DATA TO USE below:
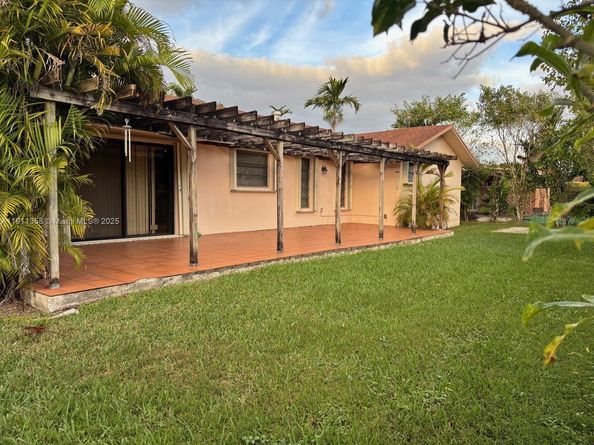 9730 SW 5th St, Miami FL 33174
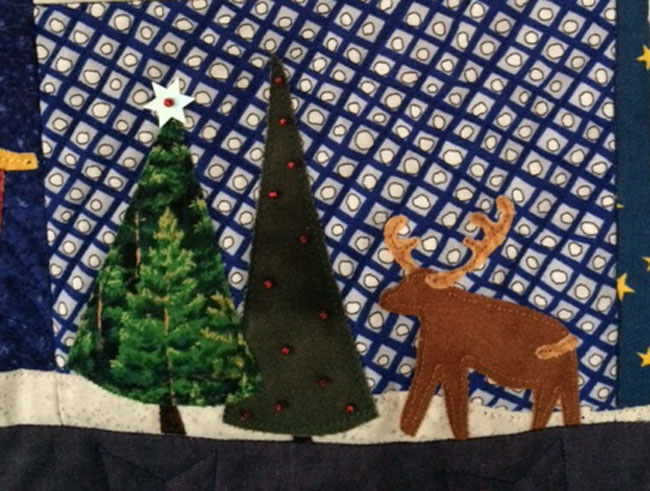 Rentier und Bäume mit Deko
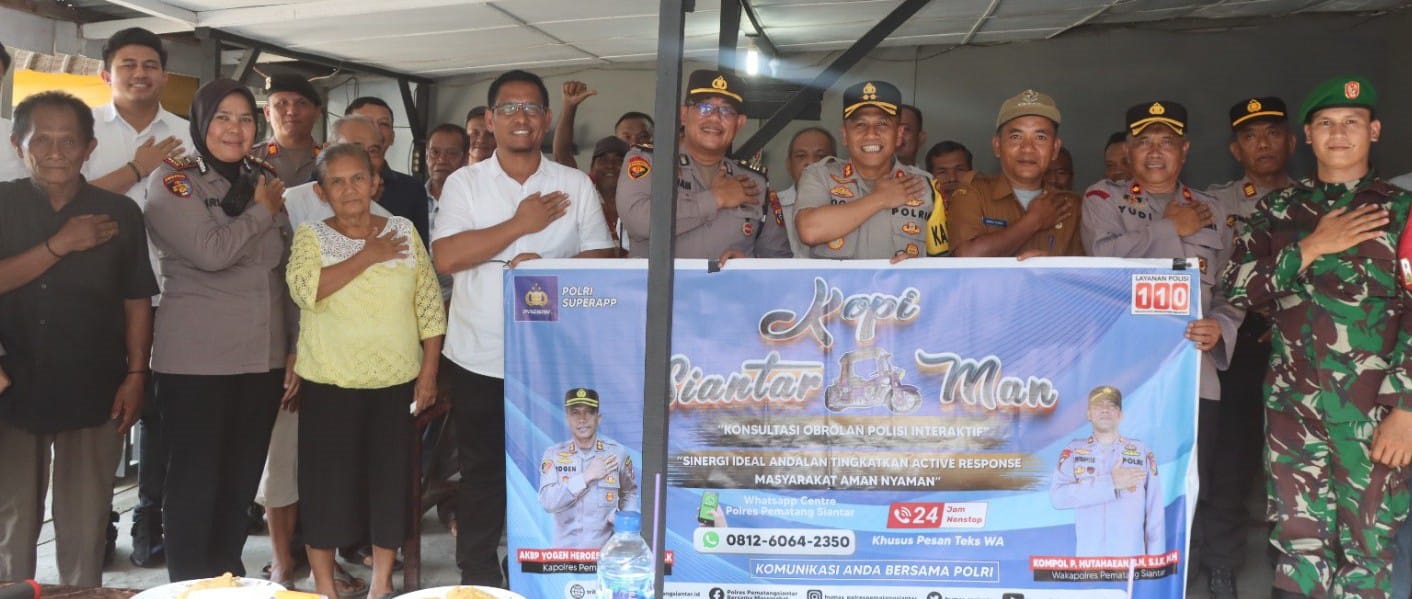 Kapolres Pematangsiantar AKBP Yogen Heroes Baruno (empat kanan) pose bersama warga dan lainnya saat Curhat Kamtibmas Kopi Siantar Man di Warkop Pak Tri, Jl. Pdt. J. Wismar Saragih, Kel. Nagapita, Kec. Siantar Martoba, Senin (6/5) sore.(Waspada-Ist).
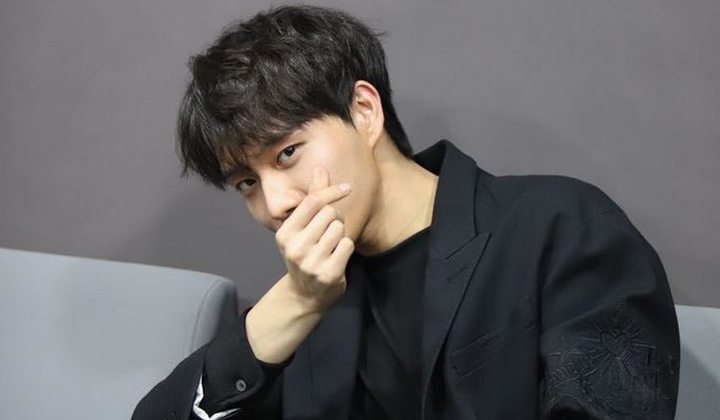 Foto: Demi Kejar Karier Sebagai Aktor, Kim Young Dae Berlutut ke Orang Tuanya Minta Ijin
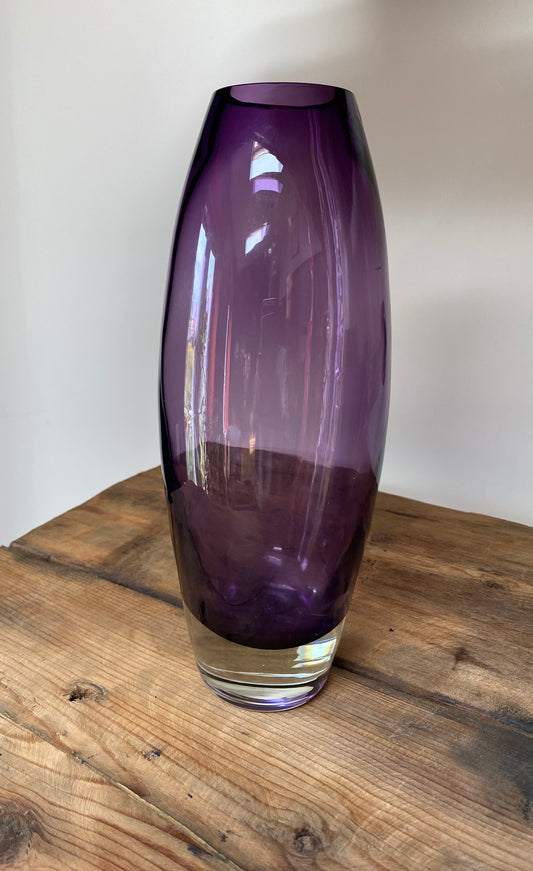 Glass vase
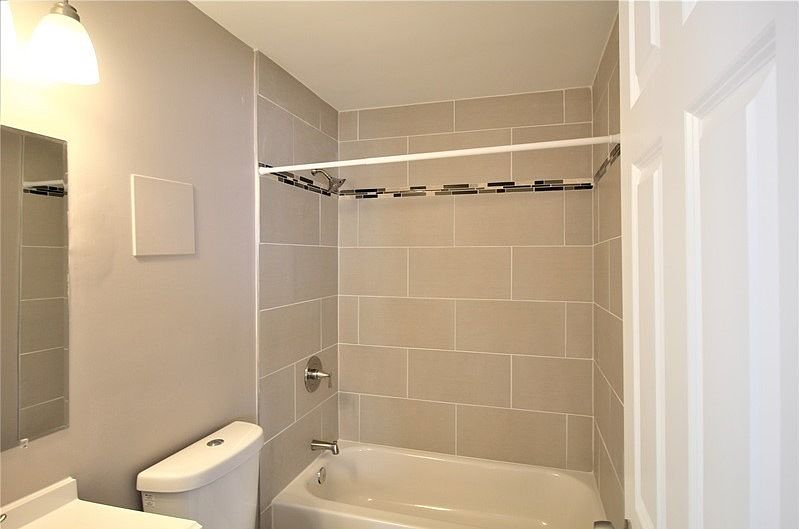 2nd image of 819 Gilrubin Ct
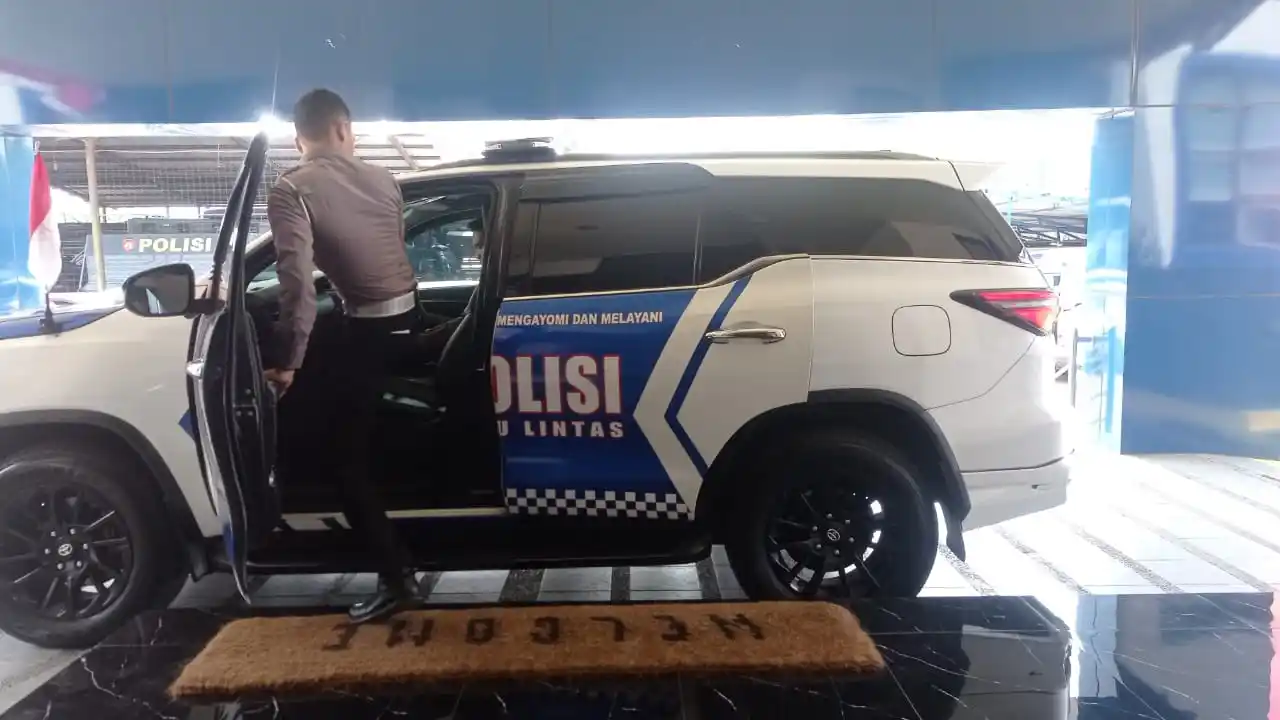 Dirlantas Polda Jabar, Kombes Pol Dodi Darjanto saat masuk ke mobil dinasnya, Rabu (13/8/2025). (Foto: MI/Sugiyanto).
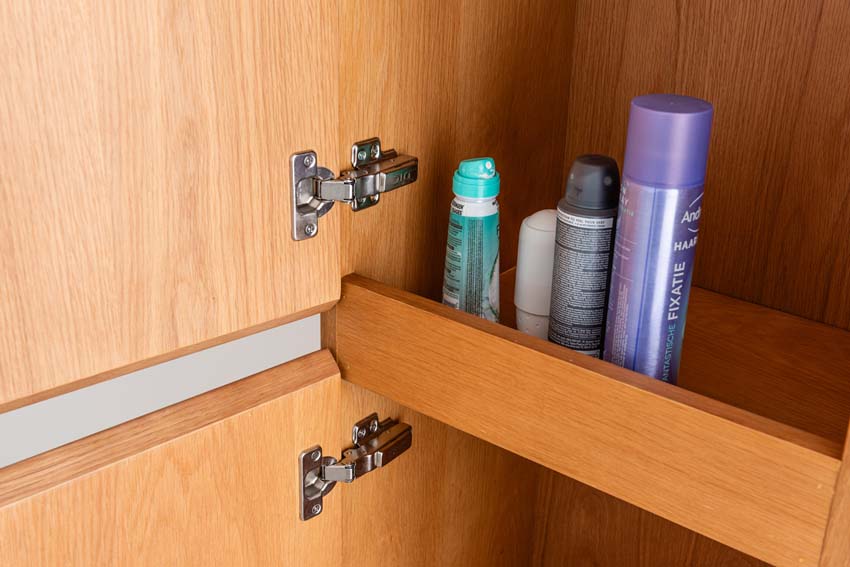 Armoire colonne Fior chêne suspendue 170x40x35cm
End of DATA TO USE.
PROBLEM DETAILS: The answer should consist only of the lines from the line with "Foto: Demi Kejar" through the last line of the data, repeated exactly; pictures stay out.

RESULT OF THE EXERCISE:
 Foto: Demi Kejar Karier Sebagai Aktor, Kim Young Dae Berlutut ke Orang Tuanya Minta Ijin
 Glass vase
 2nd image of 819 Gilrubin Ct
 Dirlantas Polda Jabar, Kombes Pol Dodi Darjanto saat masuk ke mobil dinasnya, Rabu (13/8/2025). (Foto: MI/Sugiyanto).
 Armoire colonne Fior chêne suspendue 170x40x35cm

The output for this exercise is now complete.